What happens when you jump into a relationship too quickly?

  • You become immediately emotionally attached to someone that you don’t know very well.
  • You run the risk of the relationship breaking off earlier than expected because you find out you really weren’t all that compatible.
  • You’re setting yourself up for unnecessary heartbreak.

We learned that it’s quite easy to avoid ever getting involved with someone that is desperate to get married. All you have to do is never contact this type of person online. The following dating tips for single parents will show you how to instantly identify someone not worth getting to know…

5 Profile Warning Signs They Are Desperate for Marriage

I’m only interested in meeting someone that is looking for marriage”

This one is a major red flag. Marriage doesn’t happen overnight, unless you go Hangover-style and someone slips a Roofie in your drink while you’re on a Bachelor Party in Las Vegas. It’s okay to say things such as, “I’d love to get married someday”, but that’s the extent of it. Anything more seems a bit desperate.

I tend to fall in love easily”

This is a sure-fire sign this person is going to become attached quickly. And someone that gets attached easily will likely start talking about long-term commitments way too early. This type of quote is generally in female’s profile, but we’ve even seen a few men with similar quotes.

My kids are looking for a daddy/mommy”

Uh-oh! You’re in for a real treat when you start dating this person. And by “treat”, we mean a royal pain in the butt. He/she probably doesn’t care much about you. As long as you know how to take care of kids, you’re okay in their books. While we do agree that a single parent should only date someone that is good with kids, that shouldn’t be the only quality they look for in a partner.

I’m looking for someone to be the father of my child”

This one irritates us. You shouldn’t be out looking for a father/mother for your kids. That should be part of the package deal. When you sign-up for an online dating site, the focus should be on you and finding someone right for YOU. Yes, part of Mr./Mrs.
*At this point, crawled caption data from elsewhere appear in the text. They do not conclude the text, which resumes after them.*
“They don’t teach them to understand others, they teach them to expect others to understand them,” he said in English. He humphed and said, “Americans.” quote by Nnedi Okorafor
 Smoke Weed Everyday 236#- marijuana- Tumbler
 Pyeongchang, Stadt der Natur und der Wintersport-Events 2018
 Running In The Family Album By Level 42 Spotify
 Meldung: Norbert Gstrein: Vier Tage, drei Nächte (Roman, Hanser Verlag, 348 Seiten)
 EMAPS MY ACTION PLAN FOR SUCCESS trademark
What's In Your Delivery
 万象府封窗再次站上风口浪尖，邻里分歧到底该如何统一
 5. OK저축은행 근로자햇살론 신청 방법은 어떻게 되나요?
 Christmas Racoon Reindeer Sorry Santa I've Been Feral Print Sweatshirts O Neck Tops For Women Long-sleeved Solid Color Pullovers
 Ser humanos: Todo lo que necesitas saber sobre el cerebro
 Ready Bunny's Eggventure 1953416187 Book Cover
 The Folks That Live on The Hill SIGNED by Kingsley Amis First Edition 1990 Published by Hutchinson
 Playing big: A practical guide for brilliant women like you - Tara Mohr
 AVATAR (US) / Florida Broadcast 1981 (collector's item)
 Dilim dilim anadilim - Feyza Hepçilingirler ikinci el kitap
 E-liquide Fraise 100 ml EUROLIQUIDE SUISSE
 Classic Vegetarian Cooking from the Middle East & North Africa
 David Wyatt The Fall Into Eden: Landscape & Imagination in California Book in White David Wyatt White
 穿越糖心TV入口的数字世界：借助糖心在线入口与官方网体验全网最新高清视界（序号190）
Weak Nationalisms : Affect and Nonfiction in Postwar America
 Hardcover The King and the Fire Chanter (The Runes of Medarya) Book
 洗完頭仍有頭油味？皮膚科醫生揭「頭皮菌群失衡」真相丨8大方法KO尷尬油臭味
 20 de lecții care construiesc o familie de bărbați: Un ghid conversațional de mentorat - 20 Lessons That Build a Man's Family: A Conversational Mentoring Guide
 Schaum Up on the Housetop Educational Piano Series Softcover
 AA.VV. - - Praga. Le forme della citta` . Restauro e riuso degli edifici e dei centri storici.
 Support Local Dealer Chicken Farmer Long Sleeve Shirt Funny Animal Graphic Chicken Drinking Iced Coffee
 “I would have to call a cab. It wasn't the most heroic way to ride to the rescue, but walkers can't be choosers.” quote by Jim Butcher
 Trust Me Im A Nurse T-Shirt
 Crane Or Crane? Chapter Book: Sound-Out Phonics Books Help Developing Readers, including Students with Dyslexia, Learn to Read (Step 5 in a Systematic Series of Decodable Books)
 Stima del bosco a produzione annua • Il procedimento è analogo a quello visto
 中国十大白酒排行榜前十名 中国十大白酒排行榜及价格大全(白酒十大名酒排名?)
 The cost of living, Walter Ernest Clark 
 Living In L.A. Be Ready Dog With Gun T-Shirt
Right is someone that treats your kids well, but you should be most important to them.

I’m not going to lie, I’m desperate to fall in love”

Remember what we said about emotional train wreck’s above? If you refuse to follow any of our other single parents dating tips, at least pay attention to this one (though you should pay attention to all of them). You will most definitely come across some very negative people online. Avoid them at all costs. They’ll fall hard for the first person they meet and will likely start talking about marriage very early on.